While references to verify the manufacturers' claims have been included, there is always the possibility of inaccuracy or hyperbole. A single vehicle can be sold concurrently under several nameplates in different markets, as with for example the Nissan Sunny; in such circumstances manufacturers often provide only cumulative units sold figures for all models. As a result, there is no definitive standard for measuring units sold; 
Chrysler minivans has sold over 16 million worldwide. Volkswagen has claimed its Beetle is the best-selling car in history, as it did not substantially change throughout its production run. By contrast, Toyota has applied the Corolla nameplate to 12 generations since 1966, which have sold over 50 million through 2021.

World's bestsellers
Four cars have been widely acknowledged as the "bestselling automobile in the world" since Ford built its millionth Model T on December 10, 1915. The Model T itself remained the highest seller until forty five years after production ceased in 1927. On February 17, 1972 Volkswagen claimed that the Ford had been surpassed by the Beetle, when the 15,007,034th was manufactured. Although The Model T has subsequently been credited with 16.5 million units sold, the error is inconsequential in light of the Beetle reaching 21 million. The Model T was eventually surpassed within Ford by the Ford F-Series, a pickup truck that is directly descended from the Model T roadster pickup.

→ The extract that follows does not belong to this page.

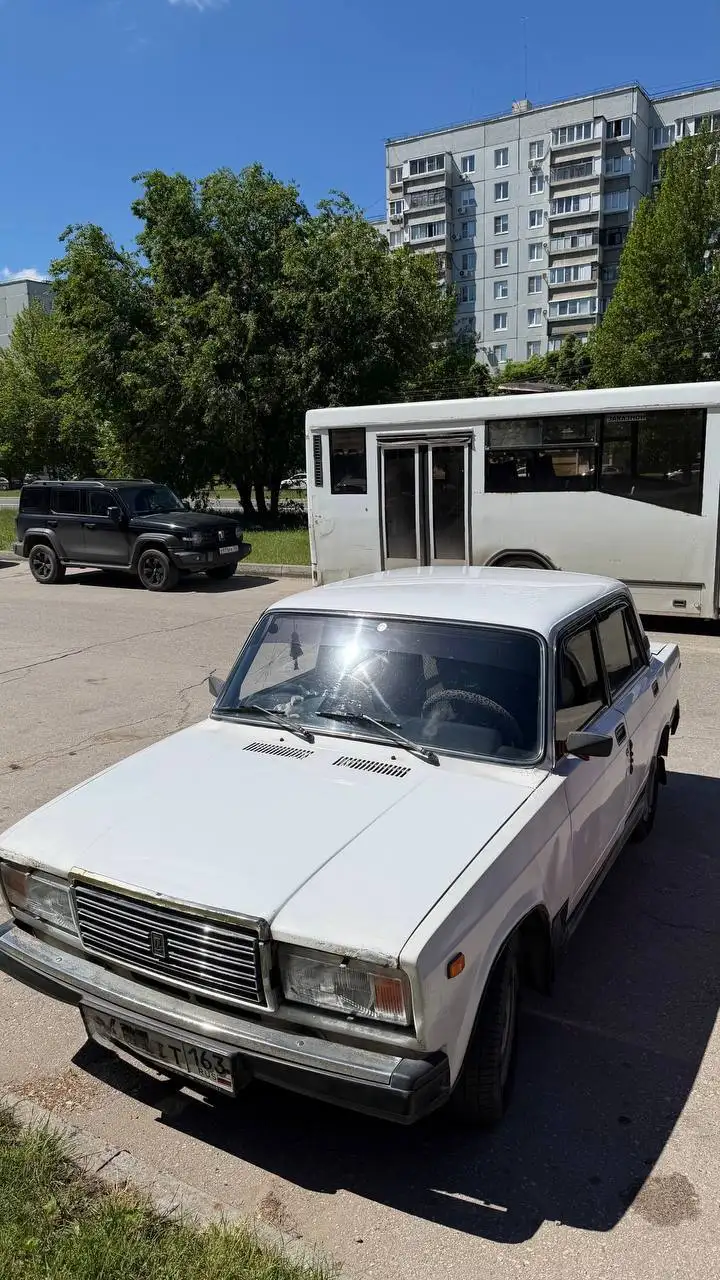 Автомобиль 2002 года выпуска - Легковые автомобили (Авто) в Тольятти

The Beetle remained the bestselling vehicle in the car industry until the late 1990s, when it was overtaken by the Toyota Corolla, due to the Corolla's good fuel mileage. However, this was an example of the modern practice of applying a brand name across a wide range of vehicles, and retaining it for marketing purposes even as the car changes drastically. While the first Corolla in 1966 was rear-wheel drive and rode on a 2286 mm wheelbase, the current hybrid and all-wheel drive models share a 2640 mm wheelbase and use a mechanically unrelated platform. Sales of the Beetle were also surpassed by its successor, the Volkswagen Golf.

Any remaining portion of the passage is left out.